Further, the logic instructions in the memory 830 described above may be implemented in the form of software functional units and may be stored in a computer-readable storage medium when sold or used as a stand-alone product. Based on this understanding, the technical solution of the present invention may be embodied essentially or in a part contributing to the prior art or in a part of the technical solution, in the form of a software product stored in a storage medium, comprising several instructions for causing a computer device (which may be a personal computer, a server, a network device, etc.) to perform all or part of the steps of the method according to the embodiments of the present invention. The storage medium includes a U disk, a removable hard disk, a Read-Only Memory (ROM), a random access Memory (RAM, random Access Memory), a magnetic disk, an optical disk, or other various media capable of storing program codes.
In another aspect, the present invention further provides a computer program product, where the computer program product includes a computer program, and the computer program can be stored on a non-transitory computer readable storage medium, and when the computer program is executed by a processor, the computer is capable of executing the supply chain prediction method based on a knowledge graph and an industrial model provided by the above methods, where the method includes collecting supply chain prediction required features, where the required features include historical order data and production plan data, industrial purchase data and collection information, logistics data and warehouse data, performing data cleaning, standardization and correlation analysis on the historical order data and production plan data, industrial purchase data and collection information, logistics data and warehouse data to obtain target features, identifying key entities and relationships in the target features, constructing knowledge based on the key entities and relationships, identifying key nodes and node relationships of a supply chain in the knowledge graph by using an industrial model, and converting the key nodes and node relationships into numerical feature vectors for supply chain prediction, so as to perform supply chain prediction.
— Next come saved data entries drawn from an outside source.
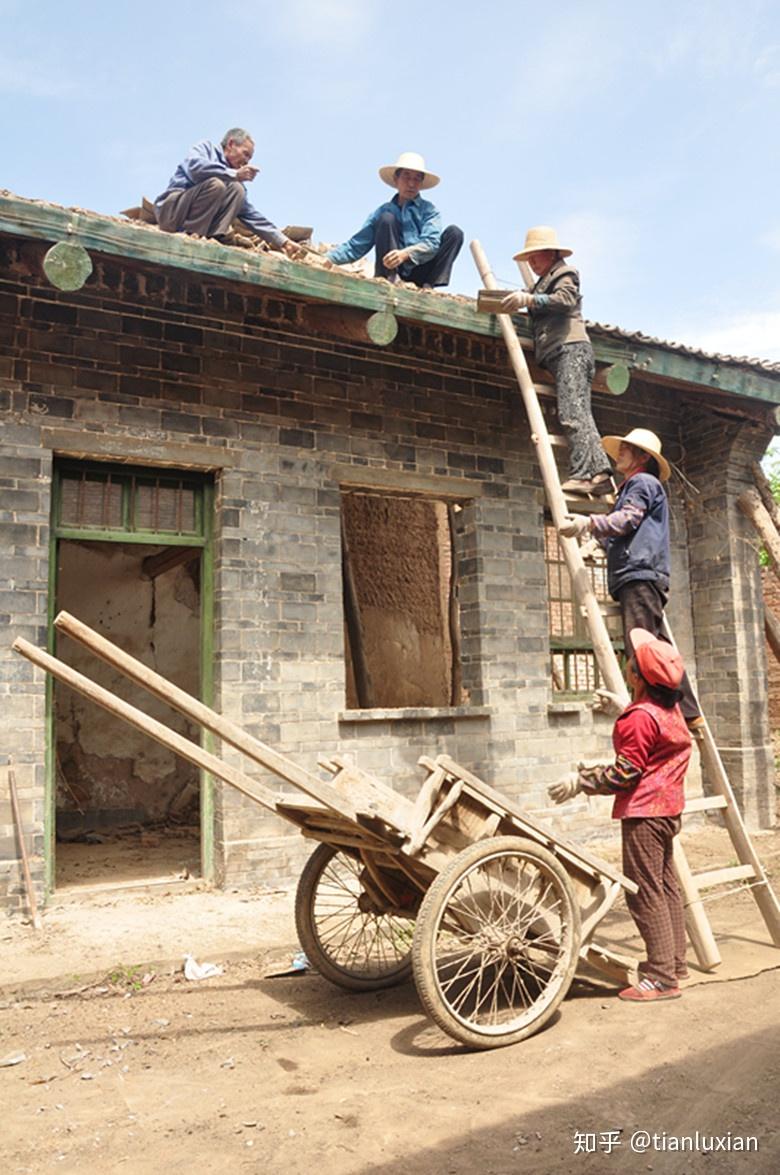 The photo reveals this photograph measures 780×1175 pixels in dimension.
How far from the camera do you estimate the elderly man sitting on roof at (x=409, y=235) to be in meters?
8.30

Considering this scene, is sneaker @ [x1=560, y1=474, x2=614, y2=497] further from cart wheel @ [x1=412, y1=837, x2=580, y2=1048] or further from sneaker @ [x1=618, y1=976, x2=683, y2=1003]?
sneaker @ [x1=618, y1=976, x2=683, y2=1003]

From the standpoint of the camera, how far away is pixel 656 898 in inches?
180

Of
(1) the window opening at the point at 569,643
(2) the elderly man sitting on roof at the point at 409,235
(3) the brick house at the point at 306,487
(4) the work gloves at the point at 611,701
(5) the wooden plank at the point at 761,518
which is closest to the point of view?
(4) the work gloves at the point at 611,701

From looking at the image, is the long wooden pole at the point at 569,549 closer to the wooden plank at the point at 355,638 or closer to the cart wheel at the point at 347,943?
the cart wheel at the point at 347,943

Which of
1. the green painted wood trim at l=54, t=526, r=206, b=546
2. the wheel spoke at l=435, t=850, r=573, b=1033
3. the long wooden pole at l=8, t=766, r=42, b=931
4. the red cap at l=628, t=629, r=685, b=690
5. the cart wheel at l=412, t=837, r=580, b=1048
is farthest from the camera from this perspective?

In yet another aspect, the present invention further provides a non-transitory computer readable storage medium, on which a computer program is stored, which when executed by a processor, is implemented to perform the supply chain prediction method based on a knowledge graph and an industrial model provided by the above methods, the method comprising collecting supply chain prediction required features including historical order data and production plan data, industrial purchase data and collection information, logistics data and warehouse data, performing data cleaning, standardization and correlation analysis on the historical order data and production plan data, the industrial purchase data and collection information, the logistics data and warehouse data to obtain target features, identifying key entities and relationships in the target features, constructing a knowledge graph based on the key entities and relationships, identifying supply chain key nodes and node relationships in the knowledge graph by using the industrial model, and converting into numeric feature vectors for supply chain prediction to perform supply chain prediction.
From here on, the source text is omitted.